Not only has our new president reversed Bush's stem cell policy, and directed his science adviser--who really, really needs to be Senate confirmed--to "develop a strategy for restoring scientific integrity to government decision making" (something I and many others have called for). But in some ways better still, he has given a big speech about embryonic stem cell research that is scientifically accurate, cautious, and does not oversell its potential--while still explaining why we ought to support it.
At this moment, the full promise of stem cell research remains unknown, and it should not be overstated. But scientists believe these tiny cells may have the potential to help us understand, and possibly cure, some of our most devastating diseases and conditions. To regenerate a severed spinal cord and lift someone from a wheelchair. To spur insulin production and spare a child from a lifetime of needles. To treat Parkinson's, cancer, heart disease and others that affect millions of Americans and the people who love them.

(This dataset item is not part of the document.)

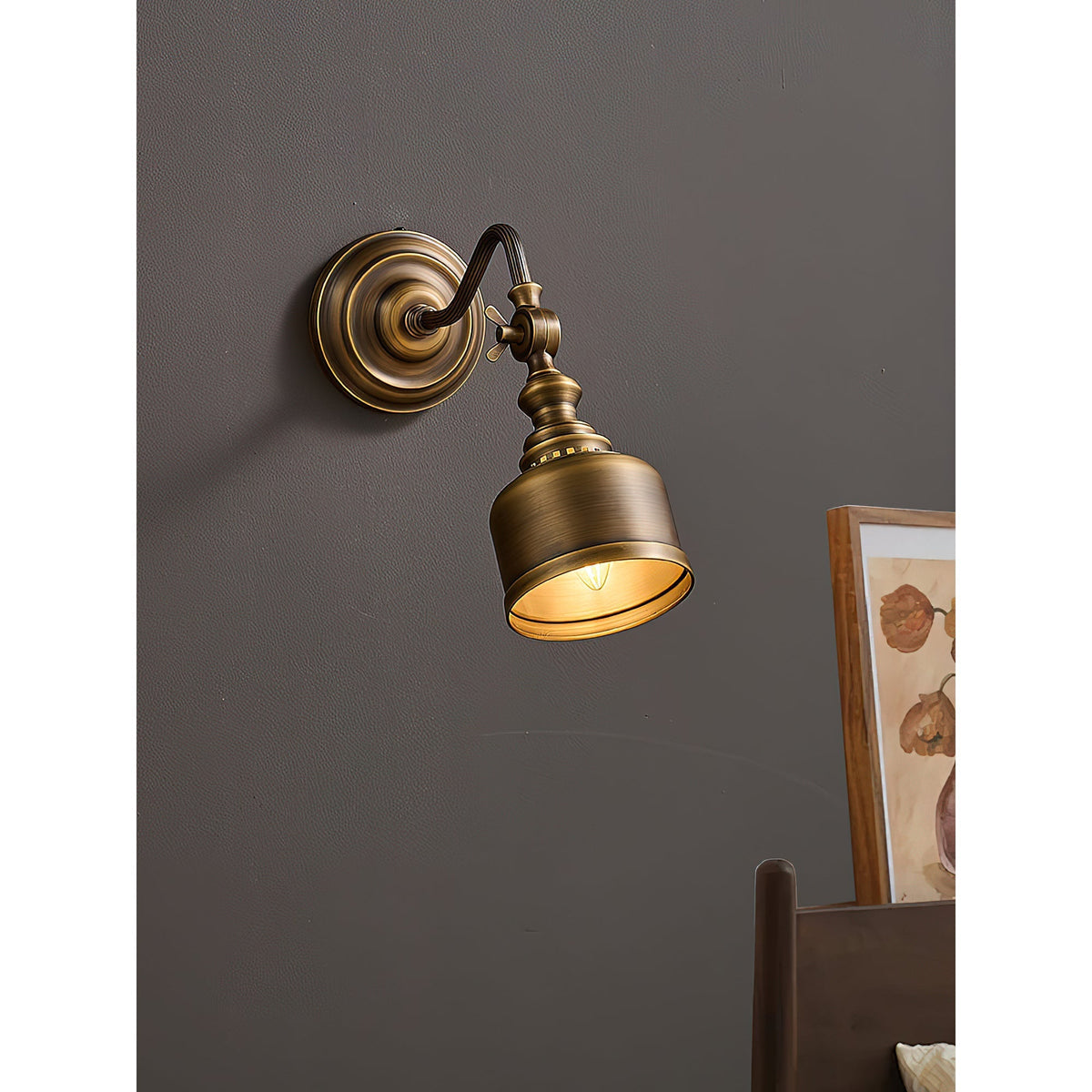 Orelelenne aplique de pared Gooseneck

But that potential will not reveal itself on its own. Medical miracles do not happen simply by accident. They result from painstaking and costly research - from years of lonely trial and error, much of which never bears fruit - and from a government willing to support that work.

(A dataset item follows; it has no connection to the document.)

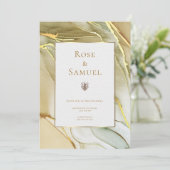 Tinte Gold Ästhetik Chic Hochzeitseinladung Einladung (Stehend Vorderseite)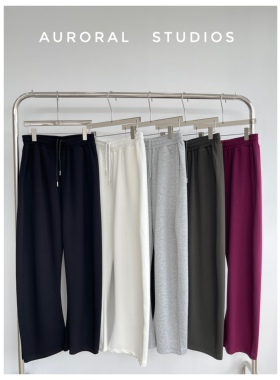 Auroral 弯刀男女休闲裤宽松直筒垂感裤子慵懒情侣拖地显瘦卫裤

These words are right at the outset of the speech. They don't hurt its rhetorical force one little bit. And they make the speech scientifically sound--much different from the over-promising that some times occurs in the stem cell arena. Heck, Obama even gets in a great explanation of why we need to support basic research, even though it doesn't always pay off in predictable ways.
Man, what an anti-science president we've got here. I can see why the political right is so up in arms.

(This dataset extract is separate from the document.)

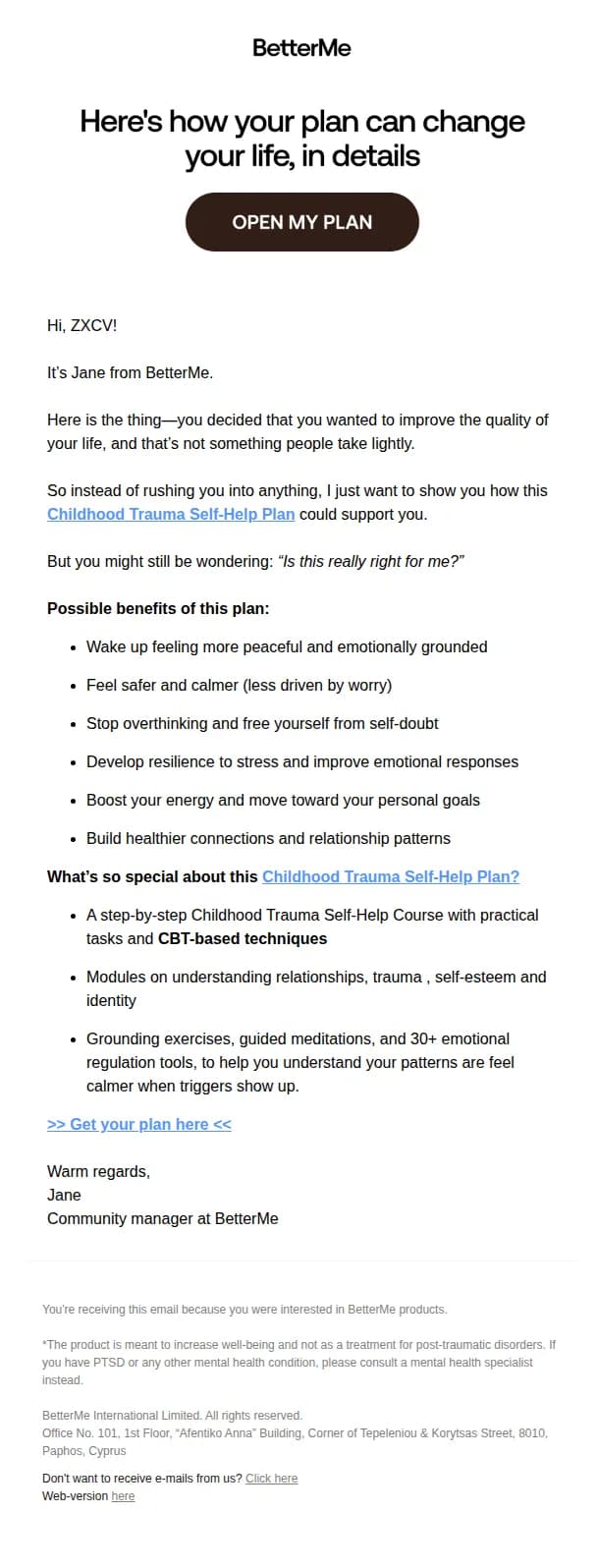 BetterMe: Mental Health email: Plan #4501RHP for user@email.com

Last week the website Fark had a note that this would occur today. Their "headline" for it:
Reality: On Monday, President Obama will lift the ban on government spending for stem cell research.
What the right wing will say: "On Monday, Obama will legalize killing babies."
I fear those types of comments will begin all too soon.
Speaking of the War on Science, what's the status of Mr. Mooneys' op-ed to the Washington Post re George Wills' big lies? By the way, apparently Dr. Wills isn't backing down as evidenced by an interview in the Pittsburg Tribune which, if I am not much mistaken, is the screed of Richard Mellon Scaithe.
Mr. Mooneys' fellow science blogger, James Hrynyshyn, has noted that the Washington Post has claimed that George Will is basing his articles on some 20 sources but is refusing to divulge the identity of those sources. Can anyone imagine somebody attempting to submit an article to a peer reviewed journal and making a claim that assertions made therein are based on articles that the author will not identify?